Song by Jeff Buckley and Elizabeth Fraser
- Released: Unreleased (demo)
- Recorded: c. 1994–1995

= All Flowers in Time Bend Towards the Sun =

Unreleased duet by Jeff Buckley and Elizabeth Fraser

"All Flowers in Time Bend Towards the Sun" is an unreleased duet by American singer Jeff Buckley and Scottish singer Elizabeth Fraser of Cocteau Twins. A rough demo, recorded during the pair's mid-1990s relationship, has circulated online but has never been officially issued. In 2009, Fraser called the recording "unfinished" and said she did not want it to be heard, but then added, "Maybe I won't always think that".

== Background and recording ==
Buckley and Fraser recorded the song around 1994–1995, during their romantic relationship.
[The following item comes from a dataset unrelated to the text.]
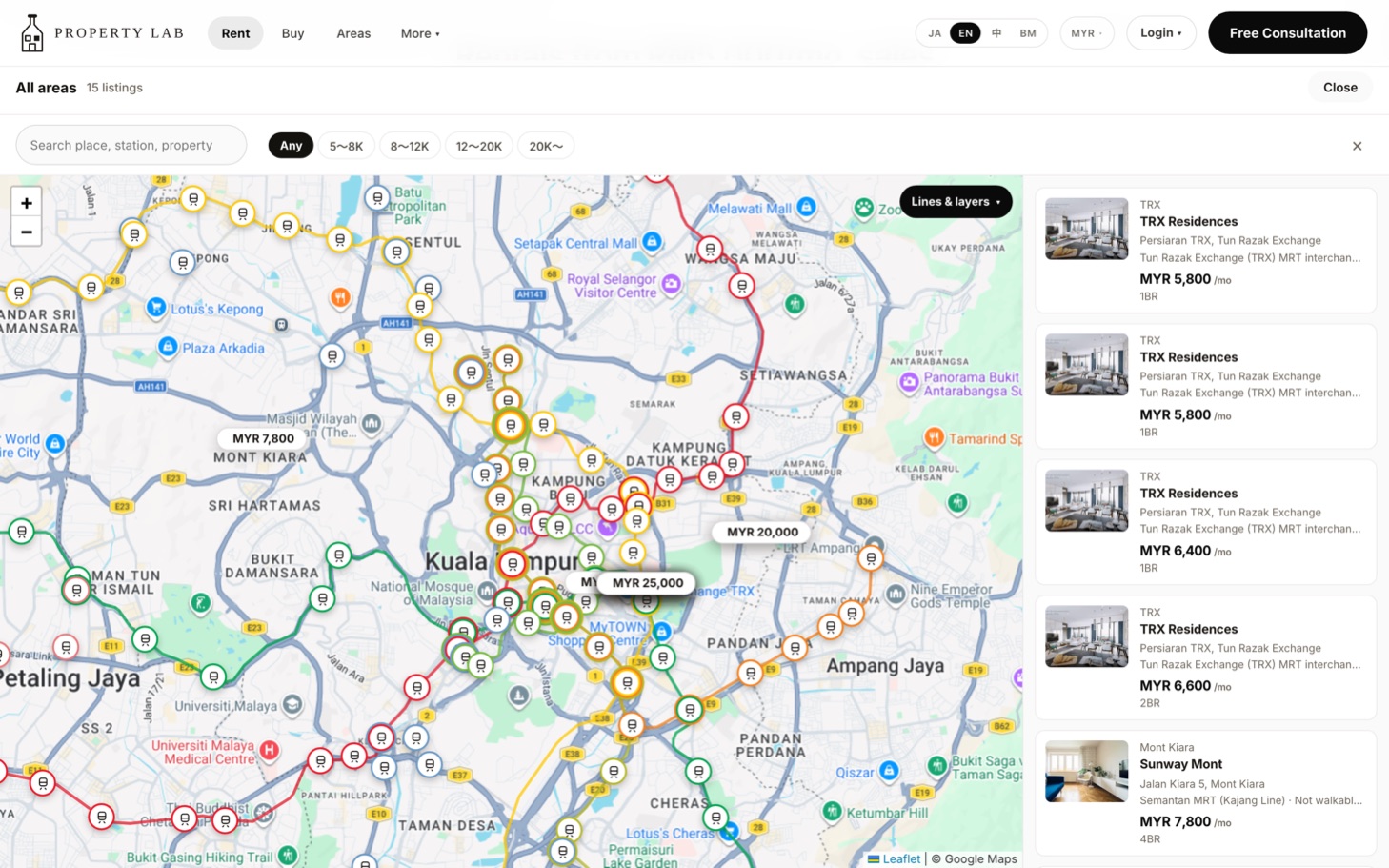 Property Lab — map search with price data over Kuala Lumpur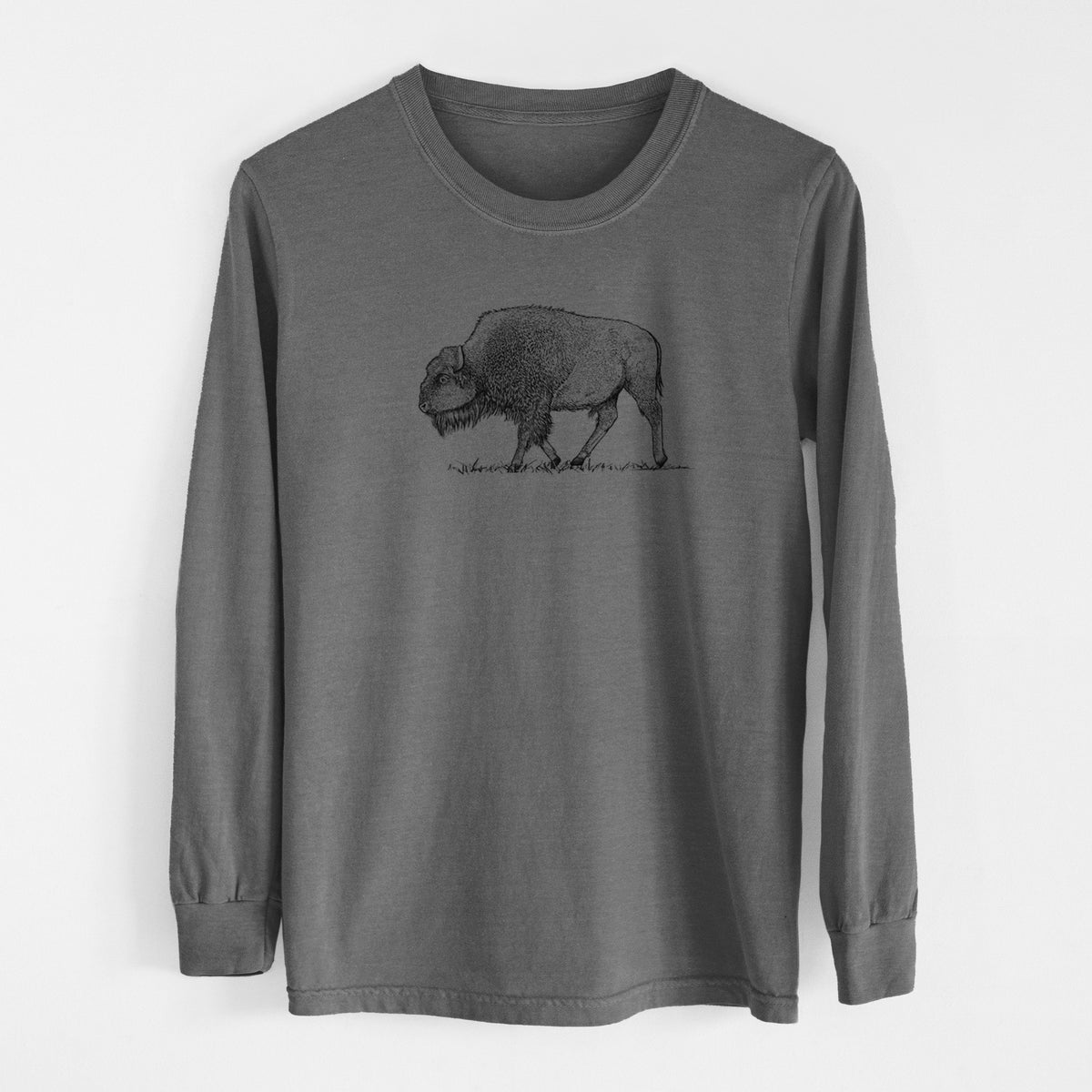 American Bison / Buffalo - Bison bison - Men&#39;s Heavyweight 100% Cotton Long Sleeve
Buckley's biographer Jeff Apter described the recording as "a lovely, languid ballad". The singers alternate verses, and faint laughter from Fraser can be heard before she sings.

== Leak and circulation ==
Following Buckley's death in 1997, the duet leaked and circulated among fans and later video-sharing sites. Subsequent reporting has treated it as an unofficial but persistent item in Buckley's posthumous circulation.

== Reception and legacy ==
Despite its unofficial status, the track has drawn critical attention. Dazed listed the duet among Buckley's "most underrated deep cuts".

The song was incorporated into The Last Goodbye, a 2013 stage adaptation of Romeo and Juliet built around Buckley's music, in place of the canonical balcony scene.

An art exhibition at Almine Rech in 2025 took its title from the song, citing the phrase's resonance and imagery.